Well good news!! The yard I was at years and years ago with my ponies has had a space come up!! Better yet the whole yard has been re-done and it is the cheapest place around and 2 mions from home! 
As much as I hate yards I never ever had any problems there and had so many great recommendations about it this time around! When I went and had a look all of the liveries were very friendly and chatty, Always a good start!

It has loaddsssss of grass and paddocks that have been left all year to be used as winter paddocks. The way I am looking at it is that all the time I was there before I had NO problems at all so no need to have this time! It is not a yard with lots of competition between liveries as everyone is there to have fun and get along and one of the liveries even offered to come and get her! 

Cant wait  Sooooo happy that my luck has finally sprung into actions!! :thumbup:


----------



## pamela Renfrew

Well Done... Hope you are both settled in soon and having fun.... Pamx


----------



## tonette

:thumbup:Now you can relax and enjoy your horse and have some fun


----------



## Melx

I cant wait  Il will keep you all posted, will be moing at end of month!!


----------



## JennyConnor

Due to living on the Isle of Man we are very limited to where we can stable our horses.

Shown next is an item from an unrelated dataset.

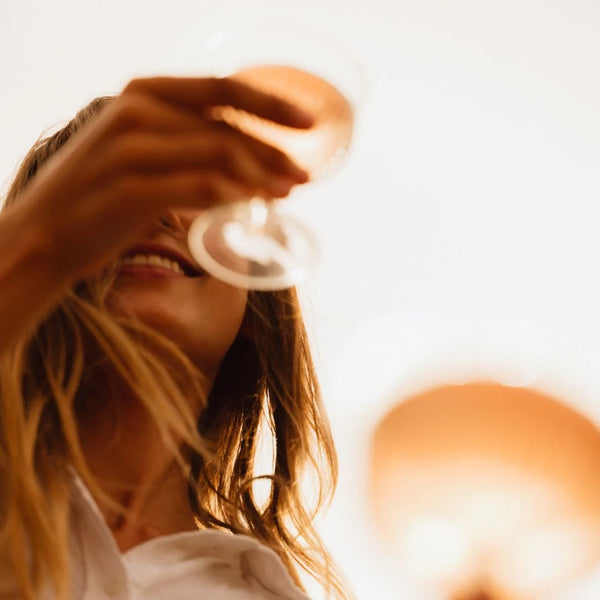 Woman drinking a glass of L.A Brewery Sparkling English Blush on a sunny day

Luckily, I keep my horse with 3 others on private livery at stables about 5 miles from my house. I own 1, Keren owns 2 and the owner loans 1, so it's really quiet and non-bitchy!!

We have 8 indoor American Barn style stables for 4 horses, 1 very big tack room, huge floodlit outdoor ménage, brilliant hacking and lots of flat turnout. All that for £25/week.

Disney loves it where he is and I've never seen him so relaxed.

I would always recommend looking round for a stable where you and your horse are happy


----------



## Melx

That must be brilliant for you having all that room but also to share it with a few friendly people so not toally alone!
If only there was such a thing near where I live lol


----------